For purposes of automatically translating code from C++ to C#, I would like to have a C# class (psuedo-code)
class Null {
public static implicit operator T (Null unused) {
return null;
}
}
This would be useful in cases such as
foo(T1 x) { ... }
foo(T2 x) { ... }
foo(null); // ambiguous
For certain reasons, programmatically disambiguating the above type is not in general possible. E.g.
foo((T1)null); // Discovering T1 over T2 is not possible or really hard to do
But if I had the Null
class above, I could programmatically add in
foo(Null x) {...}
and generate
foo(new Null()); // not ambiguous
The trick would be to use new Null()
in place of every generated null
such that even
T1 x = new Null();
compiles with x == null
.
Is it possible to write such a class?
No. Absent the dynamic
keyword, all method binding in C# is done at compile-time--even binding to implicit cast operators. That means that the problem you're running into with method overload resolution will also prevent the compiler from being able to figure out whether you want your null
to be implicitly cast to a T1 or a T2. And using dynamic
won't work, because null
doesn't have any type at runtime.
It is possible that there are other solutions to your problem if you can share more information.

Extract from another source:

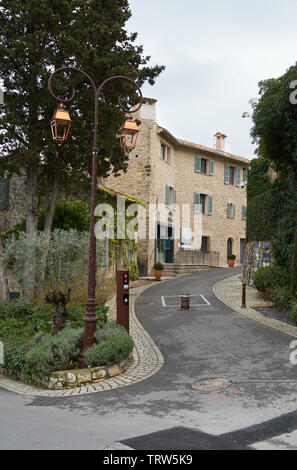 Mougins, Frankreich - April 03, 2019: Mougins ist eine Gemeinde im Südosten von Frankreich, ist ein großer Platz, der touristischen Attraktionen und es hat viele Kunst galleri Stockfoto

For example, if either of the two methods would work correctly when passed a null value, and you're just trying to get the generated code to compile, you could create a method like this:
foo(object o) {return Foo((T1)null);}
And then translate calls to:
foo(new object());
The above method would also work if you wanted to use a Null
class instead of object
--no implicit cast is necessary.
On the other hand, if it does matter which overload gets called with a null value, then you need to tell us how the original program determines which one to call.